When the vehicles passed, the operators in each one quickly and skillfully switched positions, so that we then had the operator who had taken the other car down from the top of the mountain.

The two cars pass. Single track territory begins halfway down the mountain.

As we got higher, we could see the landscape of Chattanooga and environs. It was a cloudy day, so we could not see much beyond the city. But we realized how steep the track was by the fact that we were looking out a window in the car's roof to see straight ahead at the city.

We also noticed that from the center point to the top, the operation has gauntlet track. There are actually three rails; the center one is shared by both cars.

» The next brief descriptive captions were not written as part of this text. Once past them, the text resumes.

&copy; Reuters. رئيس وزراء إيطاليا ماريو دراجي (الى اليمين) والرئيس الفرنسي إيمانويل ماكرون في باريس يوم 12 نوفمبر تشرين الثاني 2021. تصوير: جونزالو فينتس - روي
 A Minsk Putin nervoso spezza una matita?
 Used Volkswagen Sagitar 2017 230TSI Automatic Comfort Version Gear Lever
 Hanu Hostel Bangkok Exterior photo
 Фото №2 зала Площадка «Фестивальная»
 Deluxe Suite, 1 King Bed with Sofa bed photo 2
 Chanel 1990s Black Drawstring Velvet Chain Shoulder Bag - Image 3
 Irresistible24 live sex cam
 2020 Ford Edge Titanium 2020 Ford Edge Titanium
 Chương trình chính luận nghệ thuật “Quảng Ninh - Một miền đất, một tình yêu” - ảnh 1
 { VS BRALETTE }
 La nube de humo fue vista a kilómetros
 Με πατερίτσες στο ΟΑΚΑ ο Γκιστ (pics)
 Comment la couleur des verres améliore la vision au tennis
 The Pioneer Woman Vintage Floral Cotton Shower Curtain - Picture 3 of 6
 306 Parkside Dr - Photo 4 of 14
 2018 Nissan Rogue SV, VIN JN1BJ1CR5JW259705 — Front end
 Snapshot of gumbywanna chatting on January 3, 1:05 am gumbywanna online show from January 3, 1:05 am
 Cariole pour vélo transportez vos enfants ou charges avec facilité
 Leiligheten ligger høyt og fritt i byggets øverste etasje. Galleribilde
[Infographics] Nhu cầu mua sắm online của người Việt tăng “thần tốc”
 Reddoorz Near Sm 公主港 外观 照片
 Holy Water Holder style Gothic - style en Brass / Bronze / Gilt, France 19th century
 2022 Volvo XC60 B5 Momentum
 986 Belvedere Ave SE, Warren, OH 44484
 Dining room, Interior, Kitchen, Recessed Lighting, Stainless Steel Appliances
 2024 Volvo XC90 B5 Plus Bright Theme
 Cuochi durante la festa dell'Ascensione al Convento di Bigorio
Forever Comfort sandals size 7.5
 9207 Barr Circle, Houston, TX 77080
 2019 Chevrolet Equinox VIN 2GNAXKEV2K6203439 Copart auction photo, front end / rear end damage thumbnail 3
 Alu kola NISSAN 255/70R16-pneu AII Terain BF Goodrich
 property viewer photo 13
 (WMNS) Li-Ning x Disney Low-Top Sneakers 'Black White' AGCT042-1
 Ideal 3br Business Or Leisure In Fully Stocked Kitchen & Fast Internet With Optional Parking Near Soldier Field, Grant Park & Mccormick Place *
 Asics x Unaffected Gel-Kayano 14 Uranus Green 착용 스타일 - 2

Once at the Lookout Mountain station, we got off and began to walk around. Bill suggested we go over to Point Park, which is located at the very northern tip of the mountain. Worth the nominal entrance fee, it offers views in three directions around the base of the ridge.

Chapter 4.1.2: Point Park

Besides being a wonderful sightseeing location, Point Park also commemorates two Civil War battles that took place in Chattanooga and Missionary Ridge. Both were turning points in the war that forced Confederate forces to retreat. The park has some small museum buildings and also a cannon that was used in the war.

After Point Park, we caught the next Incline ride down the mountain. On this trip, the crews did not change places at the halfway point; they finished the rides that they had started. When we got back to the St. Elmo station, we walked around the area briefly and then returned to Bill's car for our cross-town trip to the Chattanooga Choo Choo.

Once downtown, we had some time to kill, so Bill gave us a brief driving tour of the city. We then returned to the Choo Choo, and enjoyed its railroad themed attractions.

Chapter 4.2: Chattanooga Choo Choo

Michael walks down wide paths at Choo Choo attraction. Steam train 'for show' at the Choo Choo. Tennessee Valley's own passenger coach.

The Chattanooga Choo Choo is first and foremost a hotel complex. It's a sprawling Holiday Inn that has not only conventional hotel rooms, but also rooms aboard old passenger rail cars. Alan found it very interesting that the doors at the ends of the trains had locks for contemporary hotel room plastic card keys instead of regular locks that would have been expected on trains of that era.

A long way from Boston, an MBTA MU. Contemporary card-access door lock seems out of place on rail car. 'Dinner In The Diner' #4546 at the Chattanooga Choo Choo attraction.

Secondly, the Choo Choo is one of two former active rail stations which served the city. Though there was never any train by that name, the Chattanooga Choo Choo became a tourist attraction based on railroading, of course paying homage to the Glenn Miller song by the same name.